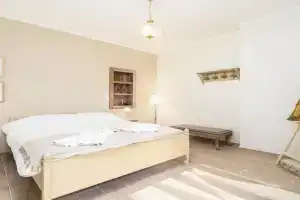 Clepsydra Mountain House, Kalavrita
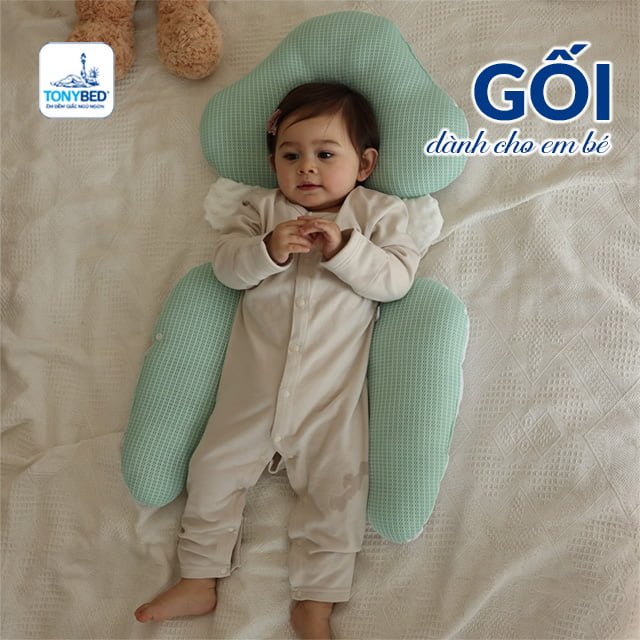 Những lợi ích khi sử dụng gối nằm cho trẻ nhỏ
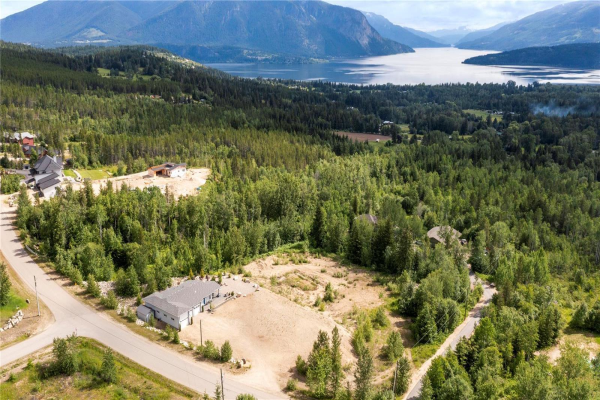 4350 56 Street, NW, Salmon Arm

○ ○ ○ ○ ○

Your objective
What is needed is an exact transcription of the lines from the one holding "Những lợi ích" to the end of the data, with every picture left out.

Exercise answer
 Những lợi ích khi sử dụng gối nằm cho trẻ nhỏ
 4350 56 Street, NW, Salmon Arm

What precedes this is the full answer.